**Source data:**
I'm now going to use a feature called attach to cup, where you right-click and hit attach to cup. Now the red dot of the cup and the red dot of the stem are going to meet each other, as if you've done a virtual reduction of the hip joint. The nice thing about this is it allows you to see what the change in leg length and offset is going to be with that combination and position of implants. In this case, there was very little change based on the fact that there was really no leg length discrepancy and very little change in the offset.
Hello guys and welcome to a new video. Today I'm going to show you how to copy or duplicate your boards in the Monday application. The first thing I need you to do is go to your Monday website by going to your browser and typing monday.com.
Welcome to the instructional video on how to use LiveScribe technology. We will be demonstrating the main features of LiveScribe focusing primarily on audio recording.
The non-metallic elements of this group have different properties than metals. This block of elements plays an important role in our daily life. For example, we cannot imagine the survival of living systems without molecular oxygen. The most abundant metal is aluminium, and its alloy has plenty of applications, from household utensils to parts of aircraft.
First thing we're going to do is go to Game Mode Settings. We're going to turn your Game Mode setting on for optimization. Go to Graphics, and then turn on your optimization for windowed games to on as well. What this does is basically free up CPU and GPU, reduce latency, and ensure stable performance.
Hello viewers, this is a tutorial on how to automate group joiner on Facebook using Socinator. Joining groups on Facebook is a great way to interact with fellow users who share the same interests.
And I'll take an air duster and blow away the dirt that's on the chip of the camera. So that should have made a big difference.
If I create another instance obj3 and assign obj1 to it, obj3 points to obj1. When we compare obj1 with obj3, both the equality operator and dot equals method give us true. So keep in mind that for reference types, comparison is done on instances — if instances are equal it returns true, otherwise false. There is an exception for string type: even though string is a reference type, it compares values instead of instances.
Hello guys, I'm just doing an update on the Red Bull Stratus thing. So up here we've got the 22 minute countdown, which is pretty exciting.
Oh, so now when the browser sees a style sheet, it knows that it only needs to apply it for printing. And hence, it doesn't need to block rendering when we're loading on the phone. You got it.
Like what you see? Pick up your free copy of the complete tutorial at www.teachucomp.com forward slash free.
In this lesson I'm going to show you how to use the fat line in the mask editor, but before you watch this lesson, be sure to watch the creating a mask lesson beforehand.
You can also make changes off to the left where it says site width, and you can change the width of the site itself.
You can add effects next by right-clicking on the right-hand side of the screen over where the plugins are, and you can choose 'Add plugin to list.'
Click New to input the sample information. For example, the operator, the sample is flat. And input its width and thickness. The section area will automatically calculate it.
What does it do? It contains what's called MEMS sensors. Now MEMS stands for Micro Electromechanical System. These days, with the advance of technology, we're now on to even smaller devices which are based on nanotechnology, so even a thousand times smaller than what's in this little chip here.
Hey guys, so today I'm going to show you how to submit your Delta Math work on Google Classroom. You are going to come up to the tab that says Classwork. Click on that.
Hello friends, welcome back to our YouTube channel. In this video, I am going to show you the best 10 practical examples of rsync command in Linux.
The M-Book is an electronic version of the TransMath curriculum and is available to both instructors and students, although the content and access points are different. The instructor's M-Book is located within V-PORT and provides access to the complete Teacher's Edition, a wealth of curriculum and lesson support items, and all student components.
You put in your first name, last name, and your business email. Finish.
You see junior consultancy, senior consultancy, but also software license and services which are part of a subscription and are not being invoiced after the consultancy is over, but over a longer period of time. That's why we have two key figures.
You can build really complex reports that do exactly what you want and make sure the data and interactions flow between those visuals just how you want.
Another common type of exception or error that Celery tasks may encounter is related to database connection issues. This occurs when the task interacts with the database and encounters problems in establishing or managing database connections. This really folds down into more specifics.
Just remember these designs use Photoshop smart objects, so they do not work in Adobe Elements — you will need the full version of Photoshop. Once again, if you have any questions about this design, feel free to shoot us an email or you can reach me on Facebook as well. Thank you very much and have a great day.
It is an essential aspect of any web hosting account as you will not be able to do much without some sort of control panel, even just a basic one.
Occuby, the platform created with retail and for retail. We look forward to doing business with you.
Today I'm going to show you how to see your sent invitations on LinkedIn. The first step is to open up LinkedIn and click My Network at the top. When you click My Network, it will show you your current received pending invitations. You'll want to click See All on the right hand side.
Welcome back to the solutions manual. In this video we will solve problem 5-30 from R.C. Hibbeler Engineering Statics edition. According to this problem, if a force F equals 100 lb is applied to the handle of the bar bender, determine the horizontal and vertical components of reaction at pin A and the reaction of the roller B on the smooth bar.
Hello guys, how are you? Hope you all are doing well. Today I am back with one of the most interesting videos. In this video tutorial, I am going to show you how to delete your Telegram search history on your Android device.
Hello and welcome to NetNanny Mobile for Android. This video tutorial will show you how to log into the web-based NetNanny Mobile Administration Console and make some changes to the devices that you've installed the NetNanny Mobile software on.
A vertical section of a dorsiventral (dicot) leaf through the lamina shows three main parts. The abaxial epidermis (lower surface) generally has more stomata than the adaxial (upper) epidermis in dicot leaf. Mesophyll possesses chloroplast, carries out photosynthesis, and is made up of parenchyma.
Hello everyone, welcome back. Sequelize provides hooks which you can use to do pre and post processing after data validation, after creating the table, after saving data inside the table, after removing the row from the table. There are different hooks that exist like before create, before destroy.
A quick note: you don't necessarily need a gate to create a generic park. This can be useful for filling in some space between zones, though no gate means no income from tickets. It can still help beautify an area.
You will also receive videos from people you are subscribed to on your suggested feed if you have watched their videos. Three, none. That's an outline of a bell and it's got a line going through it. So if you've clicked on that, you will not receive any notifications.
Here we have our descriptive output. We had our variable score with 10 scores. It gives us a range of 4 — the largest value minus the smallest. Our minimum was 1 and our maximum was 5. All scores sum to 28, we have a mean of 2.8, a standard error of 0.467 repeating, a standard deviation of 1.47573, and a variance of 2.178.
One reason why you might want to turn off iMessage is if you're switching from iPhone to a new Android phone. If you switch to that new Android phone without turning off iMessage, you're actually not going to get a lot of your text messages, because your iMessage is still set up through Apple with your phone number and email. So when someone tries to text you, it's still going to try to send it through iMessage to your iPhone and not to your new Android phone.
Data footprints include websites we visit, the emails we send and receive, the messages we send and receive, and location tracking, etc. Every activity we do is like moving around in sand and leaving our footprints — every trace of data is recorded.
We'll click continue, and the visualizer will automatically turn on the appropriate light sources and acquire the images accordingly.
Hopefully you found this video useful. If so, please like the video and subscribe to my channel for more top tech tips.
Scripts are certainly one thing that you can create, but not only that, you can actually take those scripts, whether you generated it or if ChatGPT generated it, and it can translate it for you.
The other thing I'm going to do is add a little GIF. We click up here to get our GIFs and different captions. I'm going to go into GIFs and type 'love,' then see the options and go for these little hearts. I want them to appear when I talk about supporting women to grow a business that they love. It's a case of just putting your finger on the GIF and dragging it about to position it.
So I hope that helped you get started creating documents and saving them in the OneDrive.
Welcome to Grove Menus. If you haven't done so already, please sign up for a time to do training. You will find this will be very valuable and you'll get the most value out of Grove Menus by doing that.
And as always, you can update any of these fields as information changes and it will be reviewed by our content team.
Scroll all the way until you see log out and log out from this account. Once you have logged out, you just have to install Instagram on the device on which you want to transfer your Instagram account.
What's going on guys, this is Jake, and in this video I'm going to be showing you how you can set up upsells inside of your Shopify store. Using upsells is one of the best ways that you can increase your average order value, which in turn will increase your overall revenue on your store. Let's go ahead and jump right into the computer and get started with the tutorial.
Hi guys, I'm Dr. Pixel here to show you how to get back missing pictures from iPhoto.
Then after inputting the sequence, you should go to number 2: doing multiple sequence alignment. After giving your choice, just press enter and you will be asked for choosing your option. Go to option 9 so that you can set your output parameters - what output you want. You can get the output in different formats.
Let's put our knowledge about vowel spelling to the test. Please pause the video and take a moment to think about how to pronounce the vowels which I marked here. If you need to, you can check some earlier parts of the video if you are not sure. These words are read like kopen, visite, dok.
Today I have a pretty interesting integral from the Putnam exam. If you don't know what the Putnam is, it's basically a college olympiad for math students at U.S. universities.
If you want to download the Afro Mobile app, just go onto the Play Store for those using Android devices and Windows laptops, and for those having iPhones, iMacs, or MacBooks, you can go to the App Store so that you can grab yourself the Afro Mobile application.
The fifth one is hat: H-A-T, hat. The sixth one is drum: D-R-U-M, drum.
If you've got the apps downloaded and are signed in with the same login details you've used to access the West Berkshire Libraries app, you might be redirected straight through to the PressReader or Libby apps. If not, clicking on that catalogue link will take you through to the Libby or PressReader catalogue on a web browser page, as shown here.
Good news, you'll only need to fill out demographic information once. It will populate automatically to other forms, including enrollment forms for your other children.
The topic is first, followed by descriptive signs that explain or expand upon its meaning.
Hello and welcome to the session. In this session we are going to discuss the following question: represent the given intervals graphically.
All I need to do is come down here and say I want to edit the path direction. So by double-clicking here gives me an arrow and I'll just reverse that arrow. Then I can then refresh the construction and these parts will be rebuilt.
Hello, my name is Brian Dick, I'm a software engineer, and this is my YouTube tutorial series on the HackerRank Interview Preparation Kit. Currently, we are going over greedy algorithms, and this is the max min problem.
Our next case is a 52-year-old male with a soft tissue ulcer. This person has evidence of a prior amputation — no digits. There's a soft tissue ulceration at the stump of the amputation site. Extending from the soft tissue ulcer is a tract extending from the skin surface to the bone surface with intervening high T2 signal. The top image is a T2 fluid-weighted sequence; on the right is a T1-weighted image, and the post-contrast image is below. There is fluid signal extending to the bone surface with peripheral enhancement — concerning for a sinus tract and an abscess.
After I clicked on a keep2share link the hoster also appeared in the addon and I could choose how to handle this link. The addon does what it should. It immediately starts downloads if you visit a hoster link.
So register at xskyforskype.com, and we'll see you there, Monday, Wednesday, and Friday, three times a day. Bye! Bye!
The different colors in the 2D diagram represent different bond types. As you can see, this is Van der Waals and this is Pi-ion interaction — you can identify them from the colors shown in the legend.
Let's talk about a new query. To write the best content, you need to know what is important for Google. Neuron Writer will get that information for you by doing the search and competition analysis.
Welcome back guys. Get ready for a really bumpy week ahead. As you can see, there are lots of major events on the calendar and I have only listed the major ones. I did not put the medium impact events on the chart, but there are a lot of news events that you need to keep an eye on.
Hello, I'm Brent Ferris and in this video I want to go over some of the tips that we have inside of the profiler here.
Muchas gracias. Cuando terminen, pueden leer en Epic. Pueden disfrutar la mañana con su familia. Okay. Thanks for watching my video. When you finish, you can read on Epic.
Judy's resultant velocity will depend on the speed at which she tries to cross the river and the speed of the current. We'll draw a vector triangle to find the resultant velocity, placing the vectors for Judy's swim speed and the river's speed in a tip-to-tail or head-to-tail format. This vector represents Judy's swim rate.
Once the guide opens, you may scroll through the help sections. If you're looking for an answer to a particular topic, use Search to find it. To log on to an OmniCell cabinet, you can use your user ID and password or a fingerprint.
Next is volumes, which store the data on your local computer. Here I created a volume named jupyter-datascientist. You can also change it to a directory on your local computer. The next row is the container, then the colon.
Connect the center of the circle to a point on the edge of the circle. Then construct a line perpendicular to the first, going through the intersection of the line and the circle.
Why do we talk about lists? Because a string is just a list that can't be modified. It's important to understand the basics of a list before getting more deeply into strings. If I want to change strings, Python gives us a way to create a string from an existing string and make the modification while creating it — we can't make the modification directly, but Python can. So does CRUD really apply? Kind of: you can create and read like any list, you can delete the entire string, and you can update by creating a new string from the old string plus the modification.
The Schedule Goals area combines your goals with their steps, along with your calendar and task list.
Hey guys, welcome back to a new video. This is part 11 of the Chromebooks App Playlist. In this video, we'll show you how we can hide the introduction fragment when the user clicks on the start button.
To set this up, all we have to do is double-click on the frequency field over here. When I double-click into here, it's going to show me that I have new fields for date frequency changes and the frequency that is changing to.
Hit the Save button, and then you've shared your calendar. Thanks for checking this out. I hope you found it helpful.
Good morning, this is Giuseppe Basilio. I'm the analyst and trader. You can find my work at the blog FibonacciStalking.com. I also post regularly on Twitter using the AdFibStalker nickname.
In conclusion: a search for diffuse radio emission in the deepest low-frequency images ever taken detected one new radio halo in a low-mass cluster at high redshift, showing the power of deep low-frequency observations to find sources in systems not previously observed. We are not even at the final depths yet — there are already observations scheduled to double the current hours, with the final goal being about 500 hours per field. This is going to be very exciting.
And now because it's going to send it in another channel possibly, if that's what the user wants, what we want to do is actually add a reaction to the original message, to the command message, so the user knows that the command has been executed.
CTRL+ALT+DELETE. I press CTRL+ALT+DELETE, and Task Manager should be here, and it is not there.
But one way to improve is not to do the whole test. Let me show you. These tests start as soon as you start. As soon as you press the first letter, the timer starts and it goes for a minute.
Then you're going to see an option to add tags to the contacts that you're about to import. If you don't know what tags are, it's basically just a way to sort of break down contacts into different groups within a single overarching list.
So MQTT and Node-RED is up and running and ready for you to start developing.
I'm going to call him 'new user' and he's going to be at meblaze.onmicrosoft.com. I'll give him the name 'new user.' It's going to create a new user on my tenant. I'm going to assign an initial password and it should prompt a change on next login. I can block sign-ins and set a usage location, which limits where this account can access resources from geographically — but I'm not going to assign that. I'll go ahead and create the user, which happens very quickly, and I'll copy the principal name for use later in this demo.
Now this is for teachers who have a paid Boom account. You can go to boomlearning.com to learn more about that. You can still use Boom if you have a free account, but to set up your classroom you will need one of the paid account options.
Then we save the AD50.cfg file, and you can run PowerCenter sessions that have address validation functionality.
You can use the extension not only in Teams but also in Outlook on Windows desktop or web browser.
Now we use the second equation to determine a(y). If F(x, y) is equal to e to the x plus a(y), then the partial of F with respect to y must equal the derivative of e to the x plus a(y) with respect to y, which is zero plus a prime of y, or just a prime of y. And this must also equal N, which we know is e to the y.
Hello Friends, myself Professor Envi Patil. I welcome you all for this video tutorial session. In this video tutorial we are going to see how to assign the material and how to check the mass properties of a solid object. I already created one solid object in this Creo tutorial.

**Task objective:**
One stretch of the lines above is wanted, from the line that contains "Hello guys and" through the line that contains "The non-metallic elements". Output it exactly.

**Result of the task:**
Hello guys and welcome to a new video. Today I'm going to show you how to copy or duplicate your boards in the Monday application. The first thing I need you to do is go to your Monday website by going to your browser and typing monday.com.
Welcome to the instructional video on how to use LiveScribe technology. We will be demonstrating the main features of LiveScribe focusing primarily on audio recording.
The non-metallic elements of this group have different properties than metals. This block of elements plays an important role in our daily life. For example, we cannot imagine the survival of living systems without molecular oxygen. The most abundant metal is aluminium, and its alloy has plenty of applications, from household utensils to parts of aircraft.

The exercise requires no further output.